(Task item):
Return every line from the records below with the string "Hotel".

(Saved data entries):
▬▬▬

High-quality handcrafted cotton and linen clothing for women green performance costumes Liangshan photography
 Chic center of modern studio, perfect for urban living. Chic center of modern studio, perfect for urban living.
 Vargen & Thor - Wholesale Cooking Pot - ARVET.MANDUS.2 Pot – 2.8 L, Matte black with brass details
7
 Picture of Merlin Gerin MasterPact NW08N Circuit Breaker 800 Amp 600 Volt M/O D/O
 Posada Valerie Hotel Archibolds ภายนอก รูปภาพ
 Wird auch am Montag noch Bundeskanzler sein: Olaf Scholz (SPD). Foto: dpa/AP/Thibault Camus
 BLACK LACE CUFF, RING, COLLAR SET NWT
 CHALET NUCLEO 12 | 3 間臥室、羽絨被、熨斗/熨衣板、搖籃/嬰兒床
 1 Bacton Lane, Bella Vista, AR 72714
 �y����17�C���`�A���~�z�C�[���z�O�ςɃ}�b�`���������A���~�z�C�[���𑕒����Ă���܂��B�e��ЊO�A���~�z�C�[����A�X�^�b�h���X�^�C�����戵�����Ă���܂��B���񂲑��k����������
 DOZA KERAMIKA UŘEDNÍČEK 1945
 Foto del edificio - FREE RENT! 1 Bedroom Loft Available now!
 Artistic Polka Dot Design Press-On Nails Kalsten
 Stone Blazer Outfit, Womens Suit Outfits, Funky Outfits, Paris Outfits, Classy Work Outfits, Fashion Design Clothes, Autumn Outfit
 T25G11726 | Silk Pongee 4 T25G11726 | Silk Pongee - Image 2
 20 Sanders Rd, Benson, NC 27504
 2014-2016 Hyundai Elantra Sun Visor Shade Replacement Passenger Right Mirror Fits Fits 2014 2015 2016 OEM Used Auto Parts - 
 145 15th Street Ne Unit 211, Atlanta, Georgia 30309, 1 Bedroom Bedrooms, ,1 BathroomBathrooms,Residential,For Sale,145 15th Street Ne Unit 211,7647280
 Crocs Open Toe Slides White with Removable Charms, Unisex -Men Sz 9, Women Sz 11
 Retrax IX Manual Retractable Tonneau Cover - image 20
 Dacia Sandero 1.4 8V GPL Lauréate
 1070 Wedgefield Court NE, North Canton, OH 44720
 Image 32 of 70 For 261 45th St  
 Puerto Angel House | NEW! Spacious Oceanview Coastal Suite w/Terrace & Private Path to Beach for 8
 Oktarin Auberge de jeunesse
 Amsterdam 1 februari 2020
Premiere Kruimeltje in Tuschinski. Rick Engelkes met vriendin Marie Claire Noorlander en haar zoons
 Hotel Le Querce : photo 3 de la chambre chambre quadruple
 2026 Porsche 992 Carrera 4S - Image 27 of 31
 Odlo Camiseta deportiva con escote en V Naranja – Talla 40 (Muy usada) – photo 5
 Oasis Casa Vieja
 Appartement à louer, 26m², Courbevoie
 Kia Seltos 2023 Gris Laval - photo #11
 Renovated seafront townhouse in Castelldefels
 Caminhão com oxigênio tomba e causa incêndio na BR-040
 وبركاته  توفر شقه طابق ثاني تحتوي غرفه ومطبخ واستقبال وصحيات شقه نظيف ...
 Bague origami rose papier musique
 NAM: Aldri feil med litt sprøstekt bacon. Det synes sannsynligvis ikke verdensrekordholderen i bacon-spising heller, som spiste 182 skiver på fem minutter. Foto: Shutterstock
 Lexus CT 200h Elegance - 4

▬▬▬

(Exercise result):
 Posada Valerie Hotel Archibolds ภายนอก รูปภาพ
 Hotel Le Querce : photo 3 de la chambre chambre quadruple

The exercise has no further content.